Records excerpted from a collection
---

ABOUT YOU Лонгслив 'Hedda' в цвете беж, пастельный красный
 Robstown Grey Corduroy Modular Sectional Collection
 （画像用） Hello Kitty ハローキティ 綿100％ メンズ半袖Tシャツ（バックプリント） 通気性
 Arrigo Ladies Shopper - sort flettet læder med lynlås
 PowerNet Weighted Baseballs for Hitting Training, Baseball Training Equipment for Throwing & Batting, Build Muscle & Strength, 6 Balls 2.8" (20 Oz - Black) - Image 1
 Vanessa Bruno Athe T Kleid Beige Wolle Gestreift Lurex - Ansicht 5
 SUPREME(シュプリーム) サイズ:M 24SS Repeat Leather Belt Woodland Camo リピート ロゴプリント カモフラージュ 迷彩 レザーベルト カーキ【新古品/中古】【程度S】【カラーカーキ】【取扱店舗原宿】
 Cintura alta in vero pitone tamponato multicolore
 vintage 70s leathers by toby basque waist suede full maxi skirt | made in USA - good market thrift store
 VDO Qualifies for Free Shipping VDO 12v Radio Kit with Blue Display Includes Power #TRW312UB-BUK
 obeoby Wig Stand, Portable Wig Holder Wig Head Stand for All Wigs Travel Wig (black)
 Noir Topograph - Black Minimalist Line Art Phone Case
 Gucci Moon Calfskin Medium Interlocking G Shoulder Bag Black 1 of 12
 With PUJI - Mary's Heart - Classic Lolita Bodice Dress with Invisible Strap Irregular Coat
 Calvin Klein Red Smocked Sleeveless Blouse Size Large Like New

---

▶ [What the exercise asks] Restate each record word for word.

▶ [Response box]
ABOUT YOU Лонгслив 'Hedda' в цвете беж, пастельный красный
 Robstown Grey Corduroy Modular Sectional Collection
 （画像用） Hello Kitty ハローキティ 綿100％ メンズ半袖Tシャツ（バックプリント） 通気性
 Arrigo Ladies Shopper - sort flettet læder med lynlås
 PowerNet Weighted Baseballs for Hitting Training, Baseball Training Equipment for Throwing & Batting, Build Muscle & Strength, 6 Balls 2.8" (20 Oz - Black) - Image 1
 Vanessa Bruno Athe T Kleid Beige Wolle Gestreift Lurex - Ansicht 5
 SUPREME(シュプリーム) サイズ:M 24SS Repeat Leather Belt Woodland Camo リピート ロゴプリント カモフラージュ 迷彩 レザーベルト カーキ【新古品/中古】【程度S】【カラーカーキ】【取扱店舗原宿】
 Cintura alta in vero pitone tamponato multicolore
 vintage 70s leathers by toby basque waist suede full maxi skirt | made in USA - good market thrift store
 VDO Qualifies for Free Shipping VDO 12v Radio Kit with Blue Display Includes Power #TRW312UB-BUK
 obeoby Wig Stand, Portable Wig Holder Wig Head Stand for All Wigs Travel Wig (black)
 Noir Topograph - Black Minimalist Line Art Phone Case
 Gucci Moon Calfskin Medium Interlocking G Shoulder Bag Black 1 of 12
 With PUJI - Mary's Heart - Classic Lolita Bodice Dress with Invisible Strap Irregular Coat
 Calvin Klein Red Smocked Sleeveless Blouse Size Large Like New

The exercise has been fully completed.